INSTRUCTIONS TO FOLLOW
Return the lines below that contain the word "Surgery".

RECORDS SHOWN

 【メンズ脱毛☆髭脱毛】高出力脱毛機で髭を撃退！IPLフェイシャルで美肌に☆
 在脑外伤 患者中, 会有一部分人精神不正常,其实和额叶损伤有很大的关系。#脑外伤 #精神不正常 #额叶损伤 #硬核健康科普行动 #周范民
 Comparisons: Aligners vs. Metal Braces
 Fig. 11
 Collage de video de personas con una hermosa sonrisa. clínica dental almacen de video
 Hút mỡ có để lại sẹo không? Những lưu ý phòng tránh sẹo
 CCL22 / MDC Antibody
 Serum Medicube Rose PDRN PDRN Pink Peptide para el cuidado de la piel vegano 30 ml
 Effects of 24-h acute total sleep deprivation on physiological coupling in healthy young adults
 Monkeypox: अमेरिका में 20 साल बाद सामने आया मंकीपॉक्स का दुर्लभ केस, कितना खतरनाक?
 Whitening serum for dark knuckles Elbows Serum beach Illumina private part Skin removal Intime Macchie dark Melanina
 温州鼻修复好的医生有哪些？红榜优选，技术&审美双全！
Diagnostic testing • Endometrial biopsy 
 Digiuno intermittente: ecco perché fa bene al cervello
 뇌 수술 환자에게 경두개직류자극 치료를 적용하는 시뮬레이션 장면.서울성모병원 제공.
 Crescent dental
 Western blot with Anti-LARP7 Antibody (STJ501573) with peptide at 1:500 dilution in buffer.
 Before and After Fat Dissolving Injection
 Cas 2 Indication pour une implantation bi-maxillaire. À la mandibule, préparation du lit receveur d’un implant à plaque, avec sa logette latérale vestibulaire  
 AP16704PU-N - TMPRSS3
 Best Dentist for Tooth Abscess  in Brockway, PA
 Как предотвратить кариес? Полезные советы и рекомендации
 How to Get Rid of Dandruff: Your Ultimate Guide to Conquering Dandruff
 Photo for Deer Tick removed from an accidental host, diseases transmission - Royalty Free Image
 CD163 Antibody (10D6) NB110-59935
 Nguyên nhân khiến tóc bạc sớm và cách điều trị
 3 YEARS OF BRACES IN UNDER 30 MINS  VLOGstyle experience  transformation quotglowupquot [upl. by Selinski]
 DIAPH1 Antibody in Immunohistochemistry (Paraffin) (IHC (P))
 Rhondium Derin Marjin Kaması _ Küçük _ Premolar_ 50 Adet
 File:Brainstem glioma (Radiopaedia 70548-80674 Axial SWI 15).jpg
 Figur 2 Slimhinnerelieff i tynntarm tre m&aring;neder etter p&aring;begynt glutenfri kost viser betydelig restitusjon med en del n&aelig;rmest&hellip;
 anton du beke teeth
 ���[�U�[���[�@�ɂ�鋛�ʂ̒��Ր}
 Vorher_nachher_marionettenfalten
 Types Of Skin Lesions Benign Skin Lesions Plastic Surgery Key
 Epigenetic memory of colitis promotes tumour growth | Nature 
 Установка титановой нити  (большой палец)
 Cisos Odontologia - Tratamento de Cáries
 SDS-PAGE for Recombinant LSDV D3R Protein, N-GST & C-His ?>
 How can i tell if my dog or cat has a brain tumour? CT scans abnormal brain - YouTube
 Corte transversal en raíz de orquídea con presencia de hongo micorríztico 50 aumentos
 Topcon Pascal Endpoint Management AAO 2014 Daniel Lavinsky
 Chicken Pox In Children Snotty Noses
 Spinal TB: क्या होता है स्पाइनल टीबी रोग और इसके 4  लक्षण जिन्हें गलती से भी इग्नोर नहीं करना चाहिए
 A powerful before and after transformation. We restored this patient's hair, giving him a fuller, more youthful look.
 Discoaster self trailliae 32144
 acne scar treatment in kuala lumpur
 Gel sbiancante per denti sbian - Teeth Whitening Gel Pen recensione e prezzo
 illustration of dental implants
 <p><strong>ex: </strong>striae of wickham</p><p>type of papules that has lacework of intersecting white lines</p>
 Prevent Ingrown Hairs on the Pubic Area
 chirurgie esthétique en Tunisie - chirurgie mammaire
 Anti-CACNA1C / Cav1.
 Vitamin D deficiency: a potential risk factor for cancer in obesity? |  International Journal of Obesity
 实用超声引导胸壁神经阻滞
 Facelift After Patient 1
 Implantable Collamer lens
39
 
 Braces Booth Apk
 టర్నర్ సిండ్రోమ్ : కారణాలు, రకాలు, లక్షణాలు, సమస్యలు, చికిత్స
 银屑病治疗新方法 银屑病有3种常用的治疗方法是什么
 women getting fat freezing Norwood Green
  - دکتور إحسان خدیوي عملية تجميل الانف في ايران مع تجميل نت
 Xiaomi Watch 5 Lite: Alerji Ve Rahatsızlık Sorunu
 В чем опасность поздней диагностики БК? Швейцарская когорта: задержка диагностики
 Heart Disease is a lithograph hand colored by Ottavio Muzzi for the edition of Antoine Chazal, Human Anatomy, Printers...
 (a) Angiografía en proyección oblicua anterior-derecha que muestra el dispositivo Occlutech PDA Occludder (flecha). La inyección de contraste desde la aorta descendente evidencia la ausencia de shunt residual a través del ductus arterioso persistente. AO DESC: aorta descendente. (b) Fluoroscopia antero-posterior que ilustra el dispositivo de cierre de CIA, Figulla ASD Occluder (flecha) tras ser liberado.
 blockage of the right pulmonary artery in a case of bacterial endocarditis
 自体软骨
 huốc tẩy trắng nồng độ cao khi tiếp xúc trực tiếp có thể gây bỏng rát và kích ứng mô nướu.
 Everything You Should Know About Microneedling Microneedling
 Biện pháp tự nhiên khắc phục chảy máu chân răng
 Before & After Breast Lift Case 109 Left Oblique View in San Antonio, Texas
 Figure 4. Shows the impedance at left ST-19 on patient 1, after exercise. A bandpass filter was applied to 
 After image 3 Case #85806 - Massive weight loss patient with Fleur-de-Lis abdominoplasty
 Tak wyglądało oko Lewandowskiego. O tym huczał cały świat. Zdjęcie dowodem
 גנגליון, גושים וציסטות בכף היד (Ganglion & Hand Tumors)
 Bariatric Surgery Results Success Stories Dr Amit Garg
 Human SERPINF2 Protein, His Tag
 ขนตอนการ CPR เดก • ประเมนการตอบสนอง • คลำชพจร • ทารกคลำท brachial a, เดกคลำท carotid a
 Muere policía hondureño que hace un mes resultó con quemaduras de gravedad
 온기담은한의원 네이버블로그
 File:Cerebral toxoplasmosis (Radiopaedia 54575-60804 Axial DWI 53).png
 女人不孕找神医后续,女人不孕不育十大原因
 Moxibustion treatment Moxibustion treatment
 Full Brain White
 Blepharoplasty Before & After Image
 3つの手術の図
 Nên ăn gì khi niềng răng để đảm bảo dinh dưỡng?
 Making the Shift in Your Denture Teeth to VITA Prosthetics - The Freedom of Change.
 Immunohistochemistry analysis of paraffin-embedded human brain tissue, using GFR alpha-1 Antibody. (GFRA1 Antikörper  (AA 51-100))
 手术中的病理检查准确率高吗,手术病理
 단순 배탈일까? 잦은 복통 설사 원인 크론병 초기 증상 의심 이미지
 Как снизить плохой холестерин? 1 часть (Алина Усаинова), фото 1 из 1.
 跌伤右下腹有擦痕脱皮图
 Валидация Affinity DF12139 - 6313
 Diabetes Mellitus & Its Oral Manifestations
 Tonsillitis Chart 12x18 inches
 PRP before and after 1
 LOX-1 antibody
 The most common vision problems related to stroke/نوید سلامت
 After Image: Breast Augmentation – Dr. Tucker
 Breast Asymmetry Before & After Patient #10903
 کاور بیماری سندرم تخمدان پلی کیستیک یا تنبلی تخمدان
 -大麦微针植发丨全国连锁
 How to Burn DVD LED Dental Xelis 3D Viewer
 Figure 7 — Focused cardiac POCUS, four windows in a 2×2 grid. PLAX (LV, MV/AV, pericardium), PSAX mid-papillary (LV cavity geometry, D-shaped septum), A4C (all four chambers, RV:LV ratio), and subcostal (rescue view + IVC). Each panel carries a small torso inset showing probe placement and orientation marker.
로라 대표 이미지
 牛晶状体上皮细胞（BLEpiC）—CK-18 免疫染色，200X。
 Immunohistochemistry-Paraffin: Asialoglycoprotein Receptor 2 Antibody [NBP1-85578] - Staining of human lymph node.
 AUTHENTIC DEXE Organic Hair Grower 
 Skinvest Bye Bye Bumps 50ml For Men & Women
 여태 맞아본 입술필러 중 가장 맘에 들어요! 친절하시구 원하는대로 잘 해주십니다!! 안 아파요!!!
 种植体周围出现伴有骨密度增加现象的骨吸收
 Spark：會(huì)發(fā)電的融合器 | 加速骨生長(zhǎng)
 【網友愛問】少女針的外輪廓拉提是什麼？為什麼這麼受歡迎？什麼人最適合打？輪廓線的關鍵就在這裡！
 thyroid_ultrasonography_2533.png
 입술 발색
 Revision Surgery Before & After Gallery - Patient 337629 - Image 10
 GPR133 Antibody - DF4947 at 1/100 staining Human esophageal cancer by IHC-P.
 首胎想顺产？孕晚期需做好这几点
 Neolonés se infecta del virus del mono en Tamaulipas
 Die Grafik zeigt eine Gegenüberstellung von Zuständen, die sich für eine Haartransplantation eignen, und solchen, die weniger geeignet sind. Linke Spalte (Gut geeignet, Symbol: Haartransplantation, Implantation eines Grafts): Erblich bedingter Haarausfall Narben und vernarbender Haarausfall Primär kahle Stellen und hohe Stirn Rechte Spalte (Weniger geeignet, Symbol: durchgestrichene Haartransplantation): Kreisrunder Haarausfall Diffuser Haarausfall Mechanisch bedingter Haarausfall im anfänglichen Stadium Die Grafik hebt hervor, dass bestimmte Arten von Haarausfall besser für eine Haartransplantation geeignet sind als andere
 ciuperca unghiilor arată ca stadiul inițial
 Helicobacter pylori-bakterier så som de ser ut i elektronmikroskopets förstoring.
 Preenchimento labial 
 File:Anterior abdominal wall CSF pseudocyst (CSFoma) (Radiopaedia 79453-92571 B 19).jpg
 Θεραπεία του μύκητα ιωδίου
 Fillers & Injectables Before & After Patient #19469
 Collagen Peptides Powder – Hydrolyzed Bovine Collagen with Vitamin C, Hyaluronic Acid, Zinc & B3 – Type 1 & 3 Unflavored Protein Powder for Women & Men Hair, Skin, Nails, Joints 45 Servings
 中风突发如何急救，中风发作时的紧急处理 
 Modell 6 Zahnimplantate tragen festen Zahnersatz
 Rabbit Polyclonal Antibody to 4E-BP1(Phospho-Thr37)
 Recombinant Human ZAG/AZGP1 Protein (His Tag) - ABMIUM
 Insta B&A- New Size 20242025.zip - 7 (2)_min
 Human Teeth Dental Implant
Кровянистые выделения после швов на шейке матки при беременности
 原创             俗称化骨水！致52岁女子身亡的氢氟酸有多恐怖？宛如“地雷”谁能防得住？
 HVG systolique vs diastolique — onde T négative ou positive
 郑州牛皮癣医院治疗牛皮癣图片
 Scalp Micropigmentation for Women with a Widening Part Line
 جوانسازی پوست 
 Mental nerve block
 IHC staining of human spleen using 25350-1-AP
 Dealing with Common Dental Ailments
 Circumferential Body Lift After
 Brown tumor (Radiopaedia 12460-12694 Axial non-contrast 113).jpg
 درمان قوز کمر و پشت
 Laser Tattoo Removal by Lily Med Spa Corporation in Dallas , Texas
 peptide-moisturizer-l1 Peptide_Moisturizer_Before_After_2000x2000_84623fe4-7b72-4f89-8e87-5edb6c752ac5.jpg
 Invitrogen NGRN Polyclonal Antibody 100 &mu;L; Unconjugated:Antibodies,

TASK ANSWER
 Types Of Skin Lesions Benign Skin Lesions Plastic Surgery Key
 Bariatric Surgery Results Success Stories Dr Amit Garg
 Revision Surgery Before & After Gallery - Patient 337629 - Image 10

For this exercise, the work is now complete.